Only the lines from the one with "102 Edisto Cir — Photo 13" through the end of the material, both ends included, should be retyped exactly.

■ **Listed entries**
• • • •
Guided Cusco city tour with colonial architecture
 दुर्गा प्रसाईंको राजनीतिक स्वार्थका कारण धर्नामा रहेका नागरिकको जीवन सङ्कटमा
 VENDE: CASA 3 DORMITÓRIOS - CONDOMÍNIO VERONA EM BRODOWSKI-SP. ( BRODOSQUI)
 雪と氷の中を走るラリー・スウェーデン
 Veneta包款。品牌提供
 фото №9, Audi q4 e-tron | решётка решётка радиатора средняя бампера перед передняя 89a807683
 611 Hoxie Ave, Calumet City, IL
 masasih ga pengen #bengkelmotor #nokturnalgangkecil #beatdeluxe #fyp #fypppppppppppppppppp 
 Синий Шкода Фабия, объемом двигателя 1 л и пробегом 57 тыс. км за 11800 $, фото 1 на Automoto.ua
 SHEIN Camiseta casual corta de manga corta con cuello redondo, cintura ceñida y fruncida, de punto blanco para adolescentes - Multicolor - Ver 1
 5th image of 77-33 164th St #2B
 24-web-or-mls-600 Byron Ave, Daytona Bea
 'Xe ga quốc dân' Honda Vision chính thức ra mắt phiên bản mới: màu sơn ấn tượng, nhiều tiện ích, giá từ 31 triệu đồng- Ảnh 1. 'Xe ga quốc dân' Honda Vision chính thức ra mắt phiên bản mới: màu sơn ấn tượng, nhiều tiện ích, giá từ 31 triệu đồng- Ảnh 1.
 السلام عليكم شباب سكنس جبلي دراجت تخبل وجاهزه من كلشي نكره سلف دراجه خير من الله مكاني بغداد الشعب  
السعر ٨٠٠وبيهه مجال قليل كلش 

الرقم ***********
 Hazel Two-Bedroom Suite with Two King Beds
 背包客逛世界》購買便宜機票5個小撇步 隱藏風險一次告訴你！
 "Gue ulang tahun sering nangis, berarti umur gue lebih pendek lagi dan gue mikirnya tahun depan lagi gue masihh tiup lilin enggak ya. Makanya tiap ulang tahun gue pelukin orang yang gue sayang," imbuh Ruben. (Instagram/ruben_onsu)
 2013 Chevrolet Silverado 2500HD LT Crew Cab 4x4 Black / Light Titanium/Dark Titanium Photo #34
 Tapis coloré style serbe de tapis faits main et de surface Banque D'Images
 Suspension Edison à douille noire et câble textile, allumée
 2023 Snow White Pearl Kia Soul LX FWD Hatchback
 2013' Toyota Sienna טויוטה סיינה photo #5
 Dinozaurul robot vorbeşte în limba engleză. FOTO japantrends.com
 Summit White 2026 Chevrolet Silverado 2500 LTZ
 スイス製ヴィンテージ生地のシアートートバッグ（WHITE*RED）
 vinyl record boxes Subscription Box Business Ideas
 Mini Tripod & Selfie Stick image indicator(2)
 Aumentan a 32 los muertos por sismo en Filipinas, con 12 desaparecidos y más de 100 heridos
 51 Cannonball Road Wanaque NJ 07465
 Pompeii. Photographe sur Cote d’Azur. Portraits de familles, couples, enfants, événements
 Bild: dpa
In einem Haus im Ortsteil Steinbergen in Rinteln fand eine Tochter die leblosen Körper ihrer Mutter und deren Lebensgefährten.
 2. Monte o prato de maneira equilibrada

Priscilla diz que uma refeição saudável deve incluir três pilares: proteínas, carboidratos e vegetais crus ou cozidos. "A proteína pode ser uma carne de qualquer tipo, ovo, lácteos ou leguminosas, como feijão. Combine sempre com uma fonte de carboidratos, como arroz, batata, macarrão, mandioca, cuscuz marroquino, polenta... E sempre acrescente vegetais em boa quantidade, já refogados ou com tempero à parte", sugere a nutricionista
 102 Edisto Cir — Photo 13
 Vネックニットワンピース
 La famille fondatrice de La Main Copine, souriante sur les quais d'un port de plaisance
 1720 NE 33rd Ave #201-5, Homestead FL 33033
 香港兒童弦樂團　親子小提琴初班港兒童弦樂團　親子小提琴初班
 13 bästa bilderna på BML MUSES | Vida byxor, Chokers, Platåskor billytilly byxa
• • • •
■ **Answer section**
 102 Edisto Cir — Photo 13
 Vネックニットワンピース
 La famille fondatrice de La Main Copine, souriante sur les quais d'un port de plaisance
 1720 NE 33rd Ave #201-5, Homestead FL 33033
 香港兒童弦樂團　親子小提琴初班港兒童弦樂團　親子小提琴初班
 13 bästa bilderna på BML MUSES | Vida byxor, Chokers, Platåskor billytilly byxa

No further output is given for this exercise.